Michel Richard’s Asian Bistro Soup with Shrimp
Last month another world-class chef joined Escoffier in the Grand Kitchen up in Heaven. Legendary Chef Michel Richard was 68 years old. I was introduced to the Chef’s innovative style of cooking over lunch with my old colleagues at his restaurant Citrus in LA back in the late 1980s and have been an ardent fan ever since.
After hearing of his sudden passing last month, I immediately pulled Happy In The Kitchen from my bookshelf and spent a good part of the day re-reading his recipes and perspectives.
Before each recipe the Chef writes a paragraph or two about the dish – from where the inspiration came; what is important for the cook to note; or his keen observations on taste, texture, presentation, what-have-you.
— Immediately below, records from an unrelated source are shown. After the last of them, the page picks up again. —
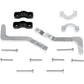 Cycra Stealth Alloy Racer Pack Replacement Bracket 1CYC-0015-00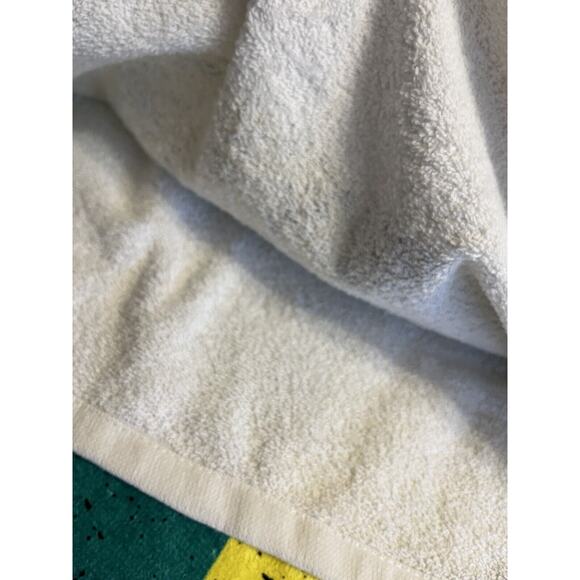 Walking Dead AMC Supply Box Beach Towel 60" X 24" New Zombie Wincraft 2018 - Picture 7 of 7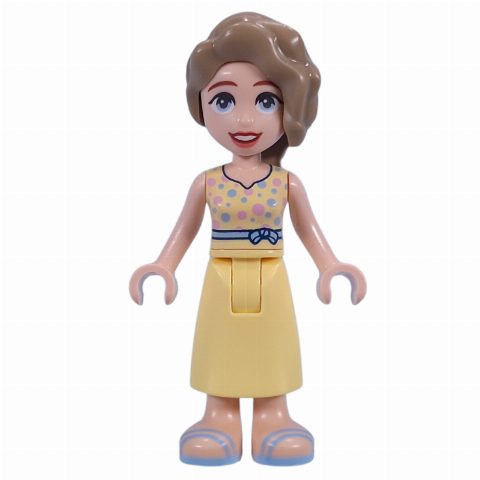 Minifigurka Dione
Yes, he is a most accomplished chef, but he is also a very effective teacher – employing humor and ingenuity as skillfully as he does the knife.
Thomas Keller wrote, “Michel did something that’s almost unheard of in the pastry world: he crossed over and became a chef, opening one of the best restaurants in the country, Citrus, in 1987. It’s difficult to overemphasize how unusual this is. Pastry chefs and savory chefs rely on a completely different set of skills and use their intellects in different ways. Pastry chefs are mathematicians. Savory chefs, we’re like free-thinkers. Michel, amazingly, has been able to combine the precision of the pastry chef’s mind with the freethinking nature of the savory chef in a way that no other chef in America has done.”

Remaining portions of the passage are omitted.